Easier upgrades and maintenance
“We’re a relatively small organization of around 1,400 people. So periodic upgrades are actually quite a challenge,” said Fundrey, “so the sort of frequent small, incremental ones that come with the cloud solution reduce considerably the load on the organization and actually are just easier in terms of change management.
“Around a third of our employees have a scientific background, operating in laboratories that may not actually interact with the systems for weeks on end. So small incremental change is a lot easier to cope with than significant upgrades.”
Paving the way for future change.
The MHRA’s move to Oracle cloud laid the groundwork for future change, and the agency is now working on moving around 300 applications into the new cloud-based environment, something Fundrey says will be a vital step.
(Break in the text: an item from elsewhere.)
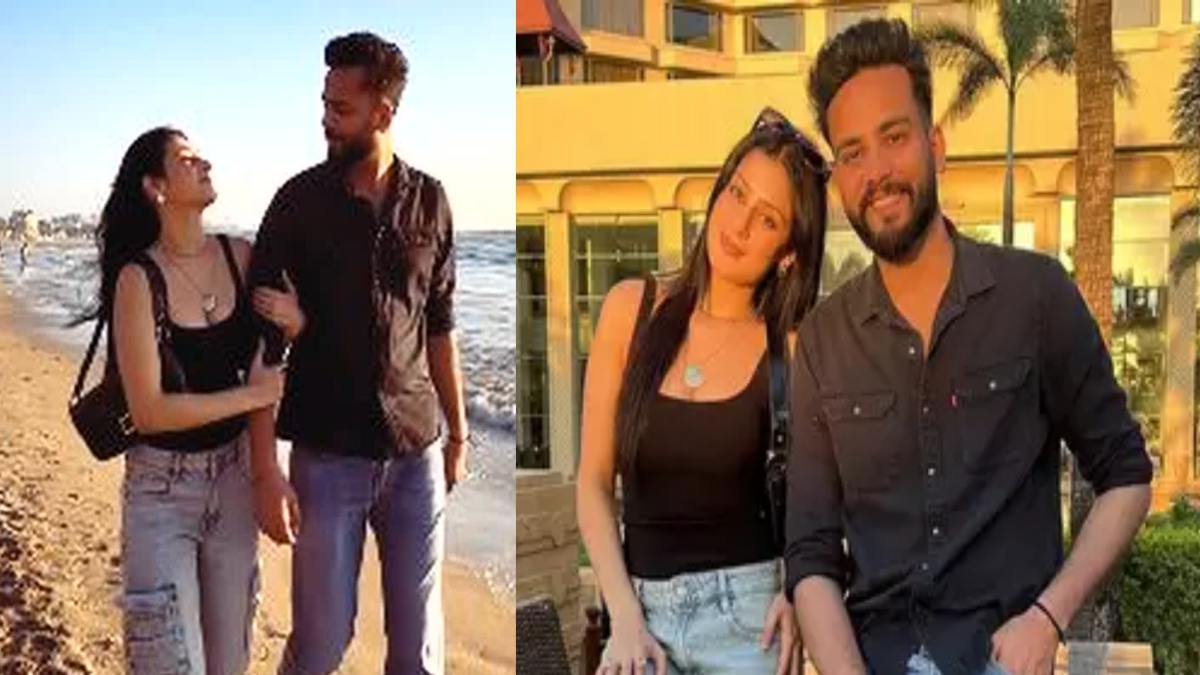 रोमांटिक मूड में नजर आए Elvish Yadav और Isha Malviya, यूट्यूबर ने कहा- आप से मोहब्बत थी, आप से मोहब्बत है …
“Most of our development happened well over 15 years ago, and was done for us by an outsource partner, That arrangement is coming to an end, and actually we did not retain the intellectual property,” he said.
“So we know we need to do something different. The intention is to both simplify our applications by make them cloud-based, so we get the benefit of integration, and by utilizing a few core platforms, therefore simplifying heavily the 300 [apps] down to potentially about four or five core platforms.”
The key lesson learned
The MHRA’s journey to the cloud inevitably threw up a lot of challenges, and Fundrey’s fundamental takeaway from the transition is that organizations need to focus on how to rework their existing processes to suit the cloud service and its more one-size-fits-all nature.
“Those of us that have been around for quite a while and gone through ERP implementations are probably more familiar with a process where you analyze work ‘As is’, work on [what’s] ‘To be’, define the delta, and go forward on that basis.
“Whereas the whole assumption of cloud is to focus on what is ‘To be’ and make yourself fit, and I don’t think we need we spent enough time on that and enough emphasis on that.”